In the records below, find the line containing "四川省成都市2023级高中毕业班摸底测试（成都零诊）地理" and return it together with every later line, exactly as written; pictures are to be omitted.

### Provided data ###

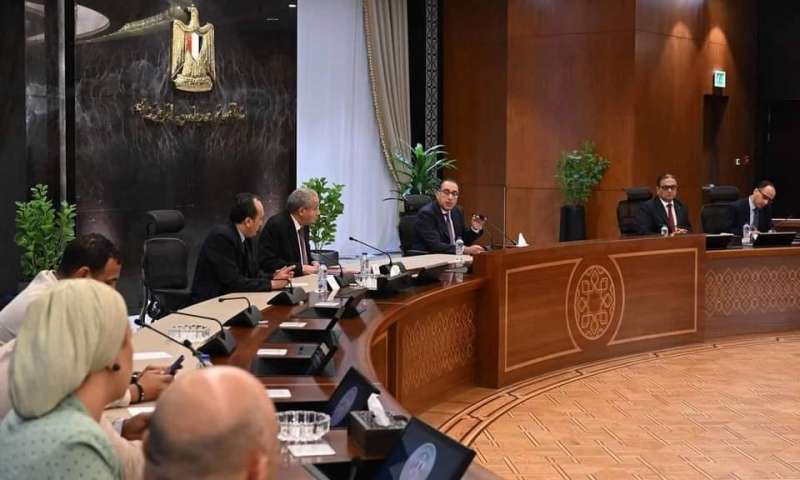 رئيس الوزراء 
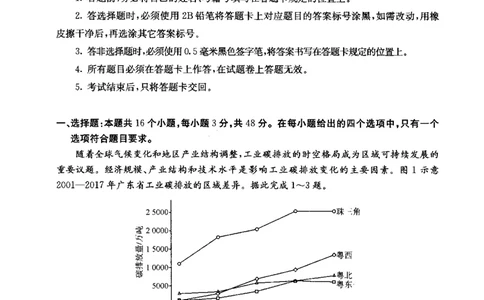 四川省成都市2023级高中毕业班摸底测试（成都零诊）地理_2025年7月_250709四川省成都市2023级高中毕业班摸底测试（成都零诊）（全科）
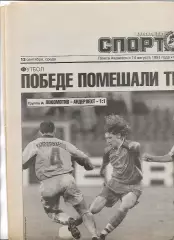 Локомотив Москва Андерлехт Бельгия 2001 Статистика Отчёт Фото Спорт Экспресс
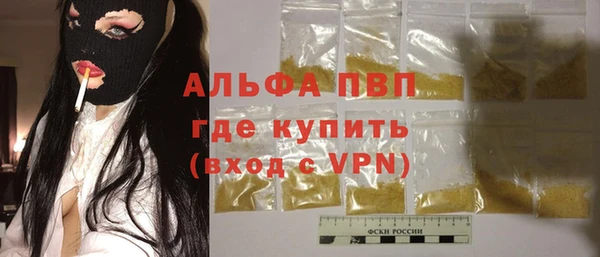 ALPHA PVP Козловка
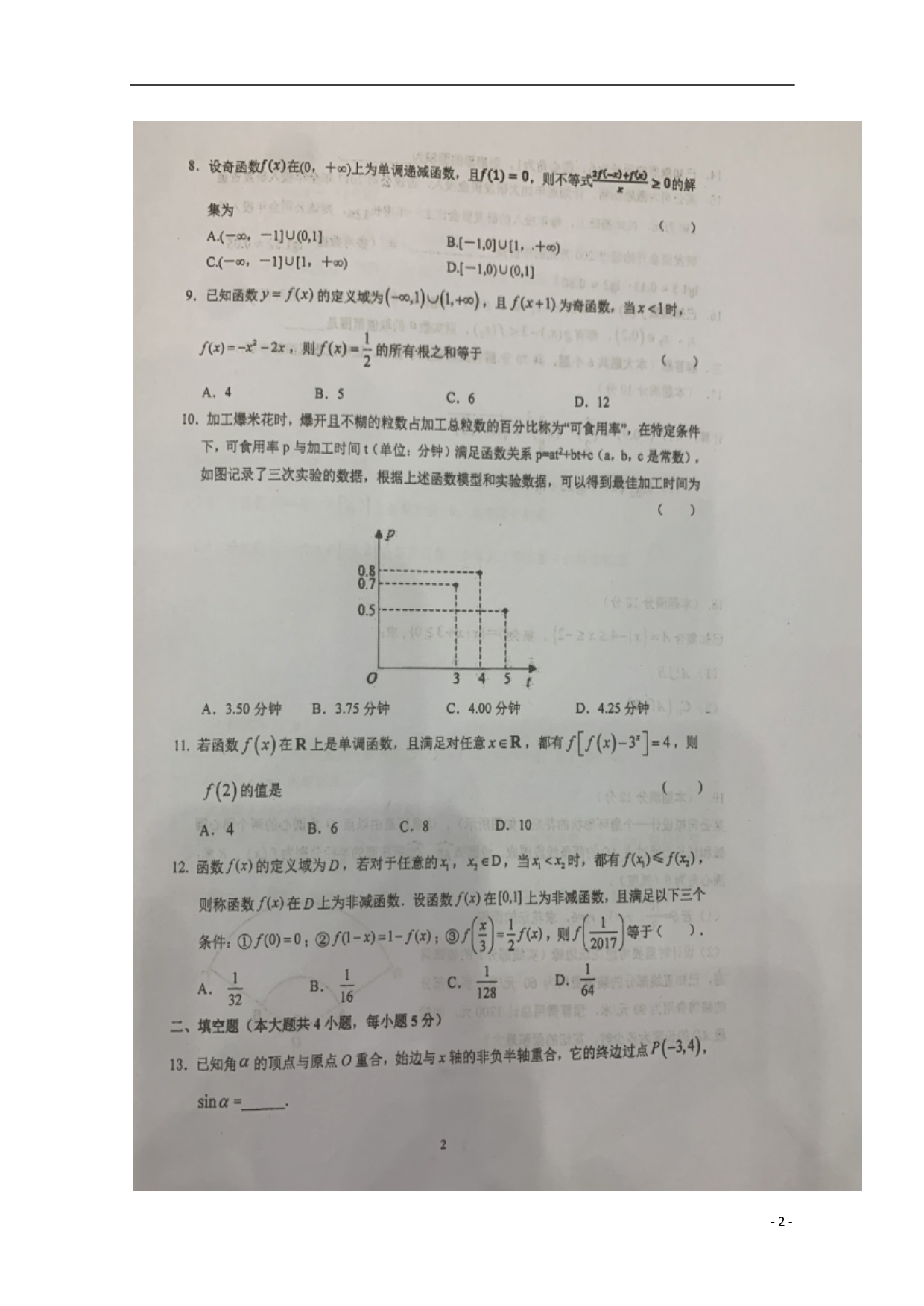 江苏省学年高一数学上学期期中试题.doc_第2页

###

◆ Task response
 四川省成都市2023级高中毕业班摸底测试（成都零诊）地理_2025年7月_250709四川省成都市2023级高中毕业班摸底测试（成都零诊）（全科）
 Локомотив Москва Андерлехт Бельгия 2001 Статистика Отчёт Фото Спорт Экспресс
 ALPHA PVP Козловка
 江苏省学年高一数学上学期期中试题.doc_第2页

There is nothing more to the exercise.